Enter Dynasty Resources, a small company with big ambitions for reshaping the way China and the US do business.

Less than a year old, Dynasty Resources is a new type of consulting firm in New York that seeks to aid Chinese businesses in the US and help American companies in China.
By acting as a middleman and interpreter, Dynasty works to provide firms from both nations a soft landing when attempting to penetrate each other's markets.
For Chinese companies that want to do business in the US, that often means helping them understand the US mentality.
"It's adjusting to the American mindsetand dealing with the branding and marketing," says Dynasty marketing head Ken Meyers, a veteran international consultant.

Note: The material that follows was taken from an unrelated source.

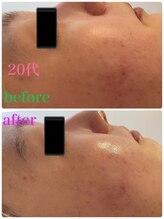 リヤン(Lien)/ニキビケアにもオススメ！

"I describe it as teaching them the language of the natives."
In the case of Evermore, a Chinese firm that makes accounting software, one of the first things Dynasty recommended the company to do was change its name to Kwailex, a moniker Dynasty thought Americans would find far more appropriate for a software company.
"We're helping them assimilate to this culture," says Josh Bobley, Dynasty's seasoned China hand.
To assist Chinese companies gain a foothold in the US market, Dynasty created a program that consolidates many services such firms would need under one roof.
Through its attempt to serve as a one-stop resource for legal and financial services, marketing advice and even office space, Dynasty aims to spare companies the pain that beginning in a new country generally entails. Within six months, Meyers says, Dynasty should be able to tell a Chinese firm whether its business will work.
By reducing the costs and risks normally associated with start-up ventures, Dynasty has "set aside an obstacle that has prevented a lot of these (business) relationships from being formed," Meyers says.
Recognizing that Chinese companies are unaccustomed, and sometimes unwilling, to paying consulting fees, Dynasty also works with its clients to find different modes of payment, such as "success fees".
"Tell us about your business and we'll see if we can help," Meyers says. "Not just here's a fee, see you later. Instead, we grow together with our clients."
In addition to its efforts to help integrate Chinese companies into the American market, Dynasty also works to aid US businesses in China, particularly in the clean energy and clean technology sectors, where the firm thinks there is enormous potential for growth.
One way in which Dynasty aids both US and Chinese businesses in China is by helping secure investment capital from overseas sources.
The firm is now working to broker a deal between a Hong Kong company that has found a cheaper, more environmentally friendly way to produce particleboard. Dynasty has paired the company with US and British investors.
The Hong Kong firm sought out Dynasty to find a way to secure financing for it and after taking a look at the company's business plan, Dynasty agreed to help.
"We are trying to engineer a deal so that it's not only palatable to the Chinese, but it's equally acceptable to our group," Meyers said.
Yet as much as Dynasty wants to improve commercial ties between China and the US, it hopes that in doing so it will strengthen the two nations' relationship as well. By helping more Chinese and Americans work together, the company is looking to leave a lasting impression on links between the two countries.
As Dynasty financial guru Diana Glassman says, "I think the business relationship is ahead of the political relationship".